Sunday, November 17, 2019

Does Romans 2:6-7 Teach That We Are Justified By Faith And Works? (Part 2 Of 2)

  • Discussion:
          -Karlo Broussard of Catholic Answers wrote a second article for the purpose of interacting to a further extent with a few claims made by Ron Rhodes on Romans 2:6-7 as it relates to Sola Fide ("faith alone"). Following are excerpts from the Roman Catholic apologist along with a critique:

          "It’s only after we’re in grace that good works play a role in our salvation...The immediate context of Paul’s teaching in Ephesians 2:10 deals with initial salvation. Consider, for example, what Paul says in verses four and five...The immediate context of Paul’s teaching in Ephesians 2:10 deals with initial salvation. Consider, for example, what Paul says in verses four and five...Paul here is speaking of that initial transition from death to life in Christ. And it’s this initial stage of salvation where Paul thinks good works play no role."

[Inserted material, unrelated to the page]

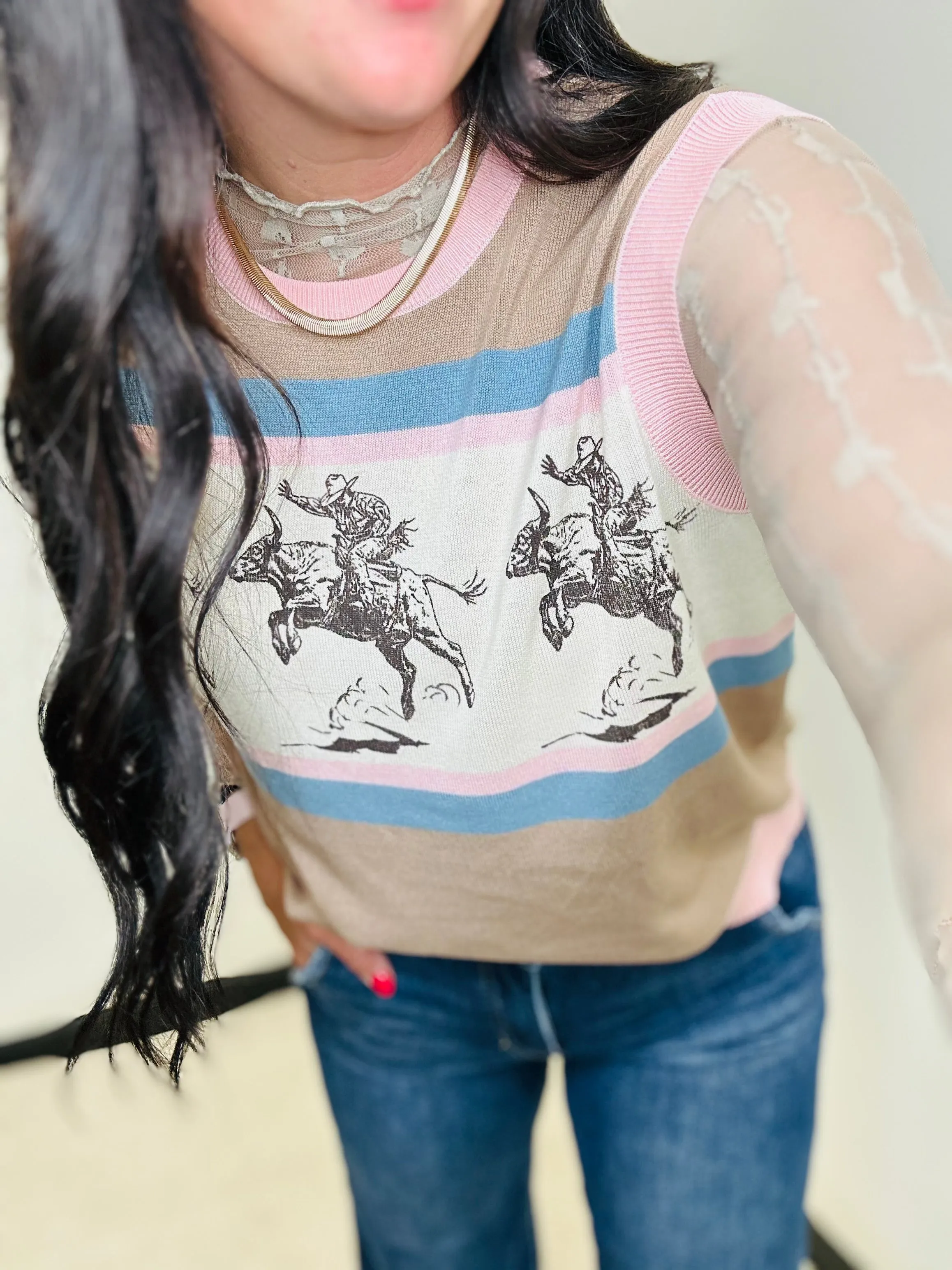 Lariat Lace Top Bone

          Whenever Paul speaks of our faith in his epistles to the Romans and Galatians, he is making reference to our justification (Romans 4:4-5; Galatians 2:16; 3:11; 22). Ephesians 2 definitely matches this context. These texts affirm justification to not be meritorious.

          In Ephesians 2:10, the phrase "for good works" means that good works constitute the purpose of being created in Jesus Christ. This is a sanctification verse.

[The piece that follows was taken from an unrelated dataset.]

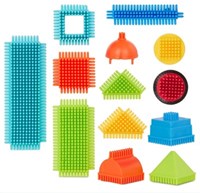 Bristle Blocks bouwblokken set - 50 stuks in emmer - kleurrijk constructiespeelgoed-2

          The irony of this author claiming that good works "play no role" in the "initial stage of salvation" is that it is accomplished through baptism, which is a work.

          "But Paul doesn’t say anything about works attesting to saving faith [in Romans 2:6-8]. He explicitly states that the good works performed in patience and the seeking for the gifts of glory, honor, and immortality are the reason for God granting eternal life. In other words, the good works are real causes that bring about a real effect: the granting of eternal life."

          God will certainly give eternal life to those who display good deeds. When God judges us, He examines all of the details concerning our personal status with Him. However, those works are not meritorious. Justification in Scripture is described as an unmerited gift of grace and not something that we can earn, even in part (Romans 3:24; 5:15; 17; 6:23). The gospel is received on the basis of faith which results in one's justification before God (John 20:31; Romans 1:16; Ephesians 1:13; 2 Timothy 3:15). Our good works do not play a role in us attaining or maintaining justification.

          "This principle is made even clearer in verse eight, wherein Paul contrasts the aforementioned good works with bad works: “[F]or those who are factious and do not obey the truth, but obey wickedness, there will be wrath and fury.” Disobedience and wickedness are not merely manifestations of a degenerate heart, but are causes that bring about the effect of wrath and fury."

          It is true that our sin brings about the wrath of God. It is also true that our works provide a general description of our state of heart. However, the author being critiqued has not successfully shown how justification is a process.

1 comment:

  1. Paul, in Titus 3:4, says But when the kindness and love of God our Savior appeared, 5 he saved us, not because of righteous things we had done, but because of his mercy.